Nato a Roma da madre italiana e padre turco, fa apparire la Turchia già al primo brano, con una composizione che nella sua linea melodica, con grande evidenza, richiama il folk di certi luoghi d’Europa e di fatto porta il titolo Black Sea, una melodia del mar nero, che gli arriva direttamente dal padre.
Taskayali trascorre la sua infanzia e parte dell’adolescenza a Istanbul nel quartiere Cihangir, che racconta essere il quartiere degli artisti e dal quale si lascia ispirare nella scrittura di uno dei suoi brani.

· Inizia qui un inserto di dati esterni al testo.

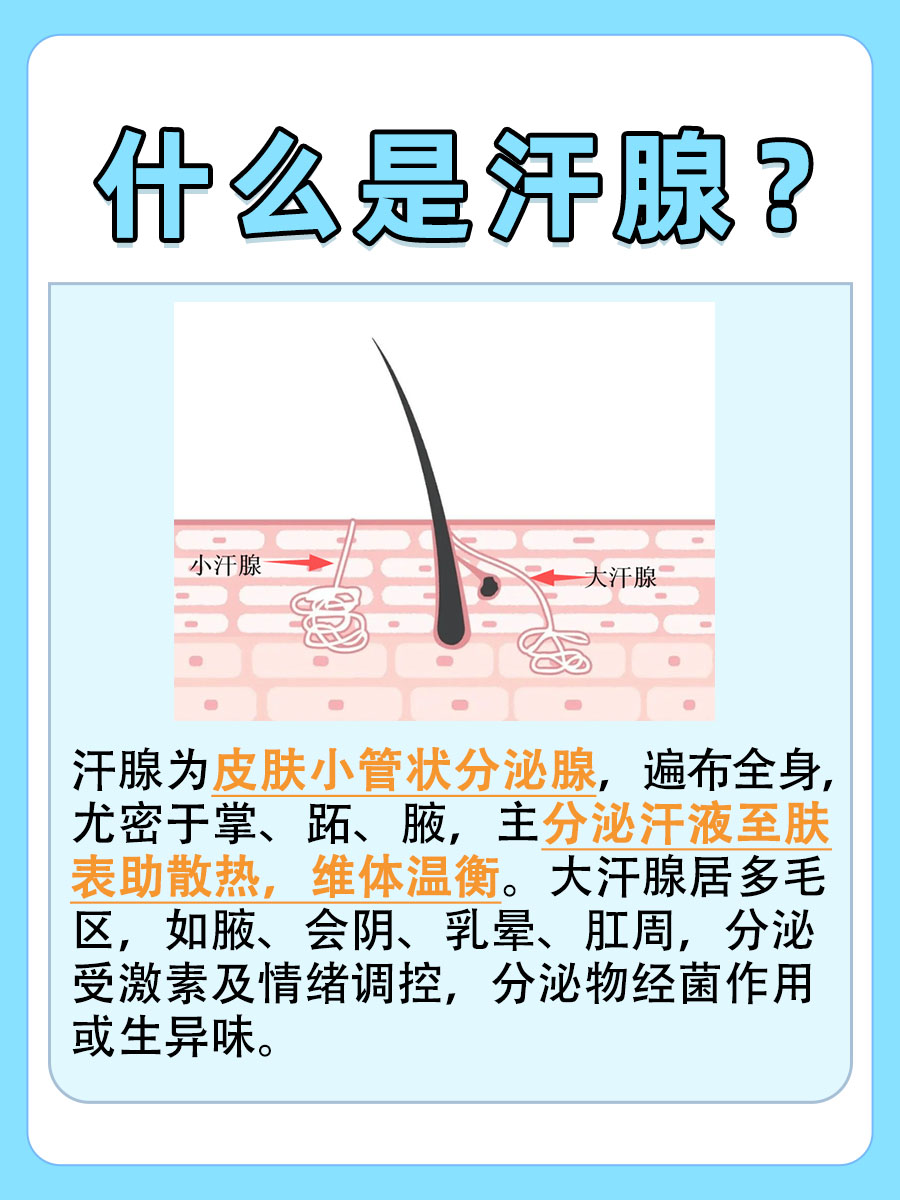 汗腺是皮肤上的小管状结构,主要负责分泌汗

Comincia a comporre musica nel 2004 all’età di 13 anni e ripropone diversi brani della sua infanzia in questa sua esibizione live.
Riceve molteplici riconoscimenti internazionali, gira il mondo e prova a metterlo nella sua musica, attraverso figure ispiratrici e luoghi della memoria.
E racconta del pianista turco Fazil Say con cui si sente molto in simbiosi, delle sue posizioni democratiche per le quali è anche stato condannato e pur continua a vivere a Istanbul, senza andar via. Francesco ci racconta anche di come suo padre non lo abbia mai riconosciuto come figlio in Turchia, per non fargli avere la cittadinanza turca che lo avrebbe obbligato ad arruolarsi. Fazil Say, invece, è riuscito a fare il militare solo per alcuni mesi pagando molti soldi e ha visto un ragazzo che si è preso una pallottola in testa in trincea… “Sono ragazzi come noi”, dice, “e ritengo che sia assurda una fine del genere”. Raccontata questa storia, proprio a Fazil Say dedica un brano.
Taskayali esegue brani degli album Emre, Levent Flying e Wayfaring. Le dita si destreggiano con grande padronanza della tecnica, le composizioni accennano a un postmoderno che certamente ha ancora tanto spazio di crescita davanti a sè.